[Image-text web data]

----

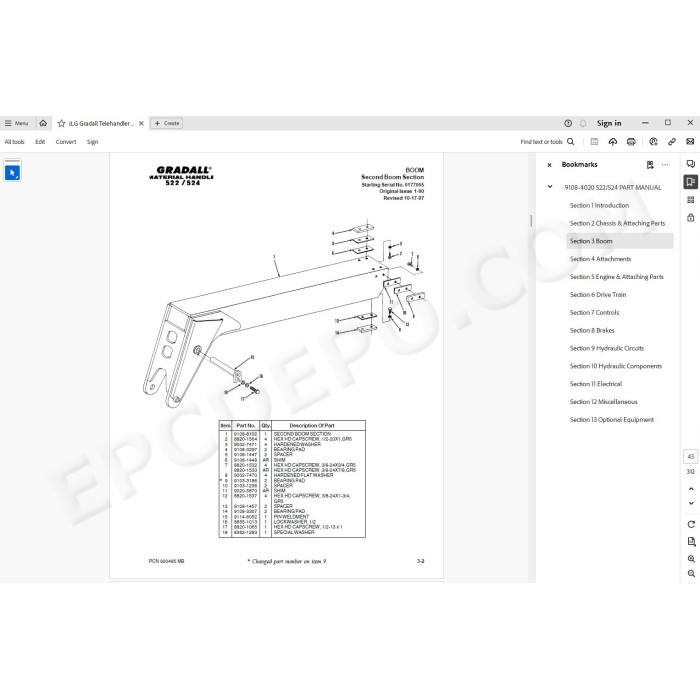 JLG Gradall Telehandler 522 524 spare parts manual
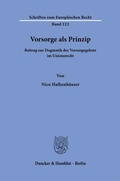 Bild: Vorsorge als Prinzip - Duncker & Humblot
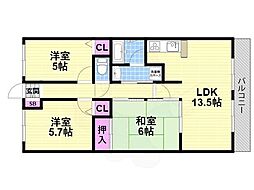 サザンクロス 3LDKの間取図画像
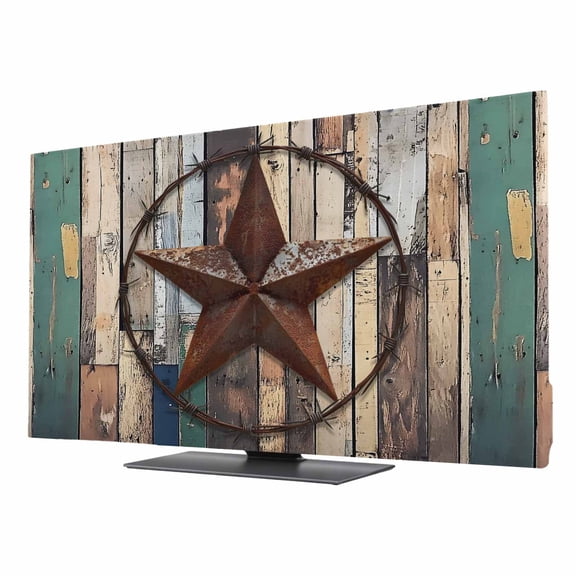 Farmhouse Country Star TV Dust Cover 24 Inch, Texas Star Shabby Wood Grain Computer Monitor Cover Dustproof Stretchable Indoor TV Screen Protector for LED LCD Universal Monitors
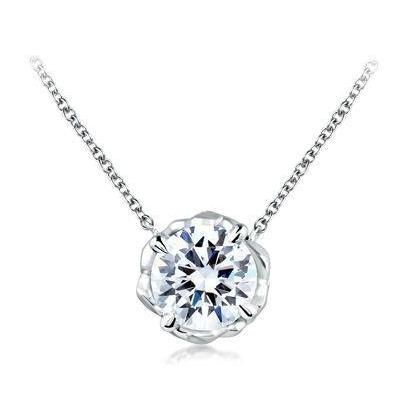 3 Carat Big Round Cut Diamond Necklace Pendant Solid White Gold 14K Pendant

----

### What the task requires
Begin at the top of the records above and retype each line exactly until the line containing "Farmhouse Country Star", which is included. Skip all pictures.

### Reply to the exercise
 JLG Gradall Telehandler 522 524 spare parts manual
 Bild: Vorsorge als Prinzip - Duncker & Humblot
 サザンクロス 3LDKの間取図画像
 Farmhouse Country Star TV Dust Cover 24 Inch, Texas Star Shabby Wood Grain Computer Monitor Cover Dustproof Stretchable Indoor TV Screen Protector for LED LCD Universal Monitors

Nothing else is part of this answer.